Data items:
=-=-=

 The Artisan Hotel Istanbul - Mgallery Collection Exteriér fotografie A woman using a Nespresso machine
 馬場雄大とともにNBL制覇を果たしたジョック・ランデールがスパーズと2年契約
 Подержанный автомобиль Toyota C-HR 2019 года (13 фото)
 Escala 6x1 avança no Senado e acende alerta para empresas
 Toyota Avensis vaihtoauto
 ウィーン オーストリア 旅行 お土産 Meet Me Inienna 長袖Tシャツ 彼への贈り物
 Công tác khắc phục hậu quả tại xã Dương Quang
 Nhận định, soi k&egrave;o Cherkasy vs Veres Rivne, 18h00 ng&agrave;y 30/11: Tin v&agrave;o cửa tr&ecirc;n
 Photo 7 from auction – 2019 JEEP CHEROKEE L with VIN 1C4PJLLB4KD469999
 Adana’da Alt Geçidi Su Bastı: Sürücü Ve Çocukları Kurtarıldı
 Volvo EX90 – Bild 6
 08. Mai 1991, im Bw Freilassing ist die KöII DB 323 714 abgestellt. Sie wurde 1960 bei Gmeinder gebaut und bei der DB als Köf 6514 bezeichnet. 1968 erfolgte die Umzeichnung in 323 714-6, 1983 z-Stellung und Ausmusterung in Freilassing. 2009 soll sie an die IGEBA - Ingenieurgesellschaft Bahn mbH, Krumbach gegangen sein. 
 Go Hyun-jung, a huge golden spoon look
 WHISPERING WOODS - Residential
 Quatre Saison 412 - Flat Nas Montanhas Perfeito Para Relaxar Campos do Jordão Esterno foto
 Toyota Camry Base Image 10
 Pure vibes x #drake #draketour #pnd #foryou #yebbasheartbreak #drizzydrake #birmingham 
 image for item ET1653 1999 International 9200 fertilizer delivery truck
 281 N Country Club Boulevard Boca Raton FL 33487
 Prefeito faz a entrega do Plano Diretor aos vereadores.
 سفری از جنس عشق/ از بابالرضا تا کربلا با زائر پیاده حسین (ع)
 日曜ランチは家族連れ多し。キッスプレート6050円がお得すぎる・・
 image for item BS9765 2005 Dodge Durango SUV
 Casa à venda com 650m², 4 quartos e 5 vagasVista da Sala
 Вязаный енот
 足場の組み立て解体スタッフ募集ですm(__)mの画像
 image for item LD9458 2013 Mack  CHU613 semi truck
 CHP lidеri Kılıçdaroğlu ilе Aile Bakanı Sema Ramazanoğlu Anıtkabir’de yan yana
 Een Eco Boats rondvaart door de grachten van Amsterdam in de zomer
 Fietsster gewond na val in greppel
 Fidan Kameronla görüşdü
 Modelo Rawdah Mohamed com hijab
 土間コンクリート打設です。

=-=-=

What to work on - What is needed here is an exact copy of every record.

Written solution -
 The Artisan Hotel Istanbul - Mgallery Collection Exteriér fotografie A woman using a Nespresso machine
 馬場雄大とともにNBL制覇を果たしたジョック・ランデールがスパーズと2年契約
 Подержанный автомобиль Toyota C-HR 2019 года (13 фото)
 Escala 6x1 avança no Senado e acende alerta para empresas
 Toyota Avensis vaihtoauto
 ウィーン オーストリア 旅行 お土産 Meet Me Inienna 長袖Tシャツ 彼への贈り物
 Công tác khắc phục hậu quả tại xã Dương Quang
 Nhận định, soi k&egrave;o Cherkasy vs Veres Rivne, 18h00 ng&agrave;y 30/11: Tin v&agrave;o cửa tr&ecirc;n
 Photo 7 from auction – 2019 JEEP CHEROKEE L with VIN 1C4PJLLB4KD469999
 Adana’da Alt Geçidi Su Bastı: Sürücü Ve Çocukları Kurtarıldı
 Volvo EX90 – Bild 6
 08. Mai 1991, im Bw Freilassing ist die KöII DB 323 714 abgestellt. Sie wurde 1960 bei Gmeinder gebaut und bei der DB als Köf 6514 bezeichnet. 1968 erfolgte die Umzeichnung in 323 714-6, 1983 z-Stellung und Ausmusterung in Freilassing. 2009 soll sie an die IGEBA - Ingenieurgesellschaft Bahn mbH, Krumbach gegangen sein. 
 Go Hyun-jung, a huge golden spoon look
 WHISPERING WOODS - Residential
 Quatre Saison 412 - Flat Nas Montanhas Perfeito Para Relaxar Campos do Jordão Esterno foto
 Toyota Camry Base Image 10
 Pure vibes x #drake #draketour #pnd #foryou #yebbasheartbreak #drizzydrake #birmingham 
 image for item ET1653 1999 International 9200 fertilizer delivery truck
 281 N Country Club Boulevard Boca Raton FL 33487
 Prefeito faz a entrega do Plano Diretor aos vereadores.
 سفری از جنس عشق/ از بابالرضا تا کربلا با زائر پیاده حسین (ع)
 日曜ランチは家族連れ多し。キッスプレート6050円がお得すぎる・・
 image for item BS9765 2005 Dodge Durango SUV
 Casa à venda com 650m², 4 quartos e 5 vagasVista da Sala
 Вязаный енот
 足場の組み立て解体スタッフ募集ですm(__)mの画像
 image for item LD9458 2013 Mack  CHU613 semi truck
 CHP lidеri Kılıçdaroğlu ilе Aile Bakanı Sema Ramazanoğlu Anıtkabir’de yan yana
 Een Eco Boats rondvaart door de grachten van Amsterdam in de zomer
 Fietsster gewond na val in greppel
 Fidan Kameronla görüşdü
 Modelo Rawdah Mohamed com hijab
 土間コンクリート打設です。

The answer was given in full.